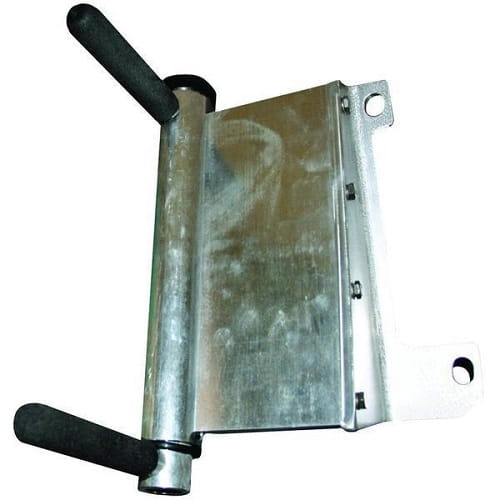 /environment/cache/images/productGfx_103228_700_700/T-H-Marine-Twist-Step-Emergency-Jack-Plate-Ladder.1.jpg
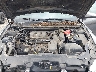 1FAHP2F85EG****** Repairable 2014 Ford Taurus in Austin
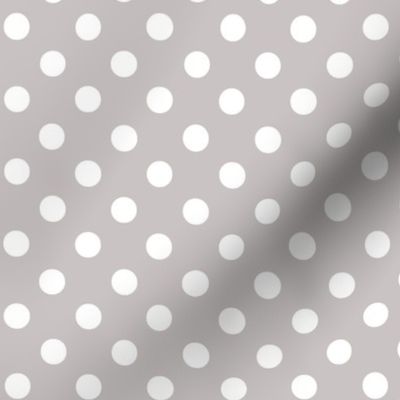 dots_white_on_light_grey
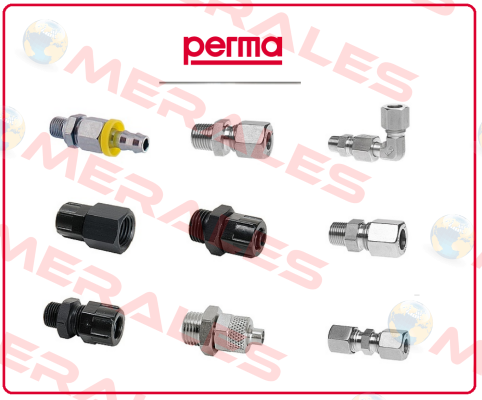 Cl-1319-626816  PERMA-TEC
--
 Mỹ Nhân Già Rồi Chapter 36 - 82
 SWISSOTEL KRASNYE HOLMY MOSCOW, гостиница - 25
--
> _Try it_
Using only the entries above, output the line with "Mỹ Nhân Già Rồi Chapter 36 - 82", the line with "SWISSOTEL KRASNYE HOLMY", and all lines between them, exactly as they stand.

> _Answer for the task_
 Mỹ Nhân Già Rồi Chapter 36 - 82
 SWISSOTEL KRASNYE HOLMY MOSCOW, гостиница - 25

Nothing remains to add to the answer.